= Entity–control–boundary =

Architectural concept used in software design

The entity–control–boundary (ECB), or entity–boundary–control (EBC), or boundary–control–entity (BCE) is an architectural pattern used in use-case–driven object-oriented programming that structures the classes composing high-level object-oriented source code according to their responsibilities in the use-case realization.

== Origin and evolution ==
The entity–control–boundary approach finds its origin in Ivar Jacobson's use-case–driven object-oriented software engineering (OOSE) method published in 1992. It was originally called entity–interface–control (EIC) but very quickly the term "boundary" replaced "interface" in order to avoid the potential confusion with object-oriented programming language terminology.

It is further developed in the Unified Process, which promotes the use of ECB in the analysis and design activities with the support of UML stereotypes.

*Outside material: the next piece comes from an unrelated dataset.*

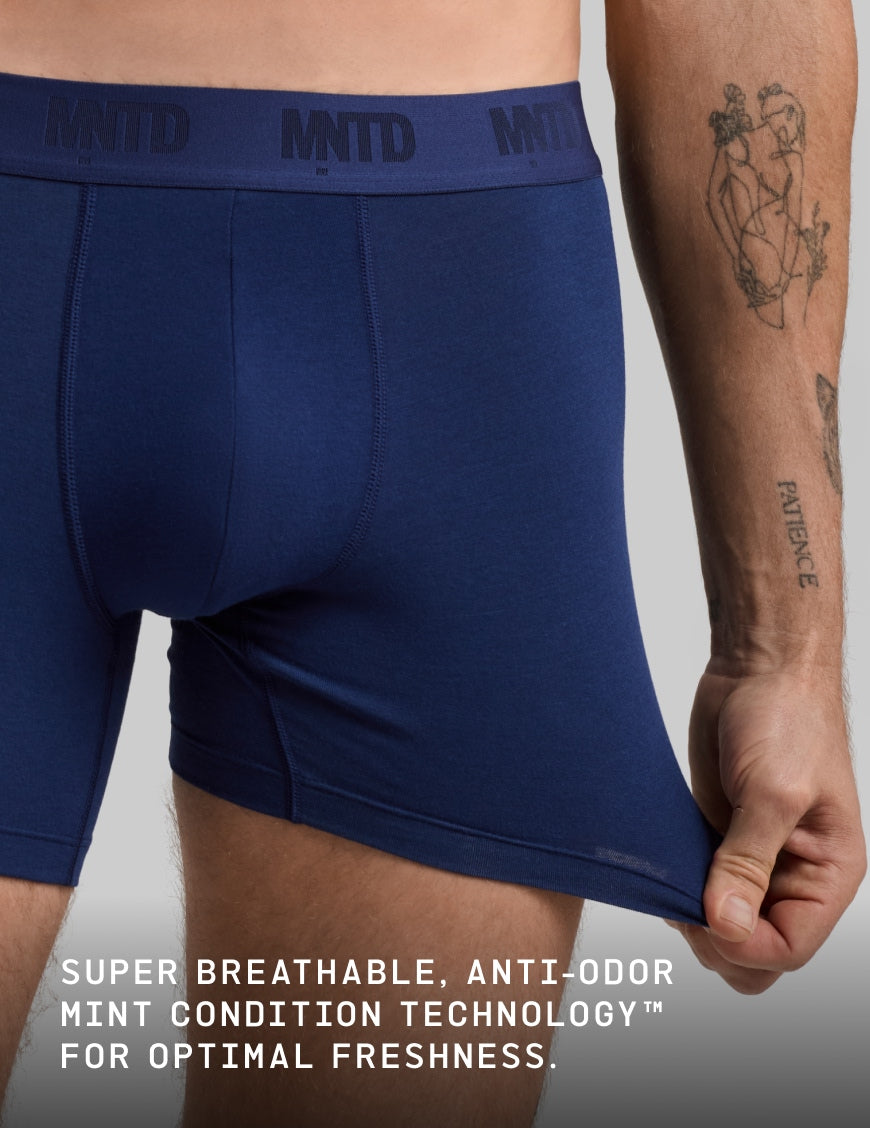 Men's Best Damn™ Cotton Modal Boxer Brief 5"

Agile modelling and the ICONIX process elaborated on top of the ECB architecture pattern with robustness diagrams.

== Principle ==
The ECB pattern organises the responsibilities of classes according to their role in the use-case realization:

- an entity represents long-lived information relevant for the stakeholders (i.e. mostly derived from domain objects, usually persistent);
- a boundary encapsulates interaction with external actors (users or external systems);
- a control ensures the processing required for the execution of a use case and its business logic, and coordinates, sequences controls other objects involved in the use case.

The corresponding classes are then grouped into service packages, which are an indivisible set of related classes that can be used as software delivery units.

ECB classes are first identified when use cases are analyzed:

- every use case is represented as a control class;
- every different relation between a use case and an actor is represented as a boundary class;
- entities are derived from the use-case narrative.

The classes are then refined and re-structured or reorganized as needed for the design, for example:

- Factoring out common behaviors in different use-case controls
- Identifying a central boundary class for each kind of human actor and for each external system that would provide a consistent interface to the outside world.

The ECB pattern assumes that the responsibilities of the classes is also reflected in the relations and interactions between the different categories of classes in order to ensure the robustness of the design.

== Robustness diagram ==
Robustness diagrams allow to visually represent the relation between entities, controls, boundaries and actors. It uses graphical stereotypes introduced in Jacobson's early work:

| Representation |  | Relation with |  |  |  |
|---|---|---|---|---|---|
| Role | Symbol | Actor | Boundary | Control | Entity |
| Actor |  | Yes | Yes | No | No |
| Boundary |  | Yes | Part/whole | Yes | No |
| Control |  | No | Yes | Yes | Yes |
| Entity |  | No | No | Yes | Yes |

The following robustness constraints apply:

- Actors may only know and communicate with boundaries
- Boundaries may communicate with actors and controls only.
- Controls may know and communicate with boundaries and entities, and if needed other controls
- Entities may only know about other entities but could communicate also with controls;

In theory, entities should not know about boundaries and controls. In practice however, entities may publish events, which boundaries and controls can observe without the entity knowing about them. This creates the communication from entities to boundaries and controls possible.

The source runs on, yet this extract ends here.